You cannot port a term insurance policy in India. Not in the way you port a phone number or even a health insurance plan. If a salesperson tells you otherwise, they are likely oversimplifying a complex process. In 2026, switching your life cover actually means buying a brand new policy from scratch and then canceling your old one. It is a fresh start. New medicals. New paperwork. A completely new contract.Think about why you want to move. Maybe a new insurer offers a better critical illness rider. Perhaps the removal of GST on term insurance premiums has made newer plans significantly cheaper than the one you bought five years ago.
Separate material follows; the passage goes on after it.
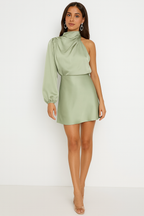 Loovay Serene Jurk, Asymmetrisch Satijndesign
Whatever the reason, you must understand that the clock resets the moment you sign that new proposal form.

The Three Year Risk

Section 45 of the Insurance Act is your best friend. It says that after three years, an insurance company cannot reject a claim except in very limited cases of fraud. This gives your family massive peace of mind. When you switch to a new company in 2026, this three year window starts fresh. You are back to square one. If something happens in the first twenty four months of the new policy, the insurer will investigate much more strictly than your old company would have. This is the biggest hidden cost of switching. You are trading years of 'safety' for a lower premium or better features.

The Overlap Strategy

Never cancel your old policy before the new one is active. This is a non negotiable rule. The application process for a new 1 Crore or 2 Crore cover can take weeks. You might face unexpected medical hurdles. The new insurer could even reject your application based on a lifestyle change you didn't think was a big deal. Imagine canceling your old plan on Monday and getting a rejection letter from the new company on Friday. You would be left with zero cover. Keep both policies active for at least thirty days. Yes, you will pay double premium for one month. It is a small price for continuous protection.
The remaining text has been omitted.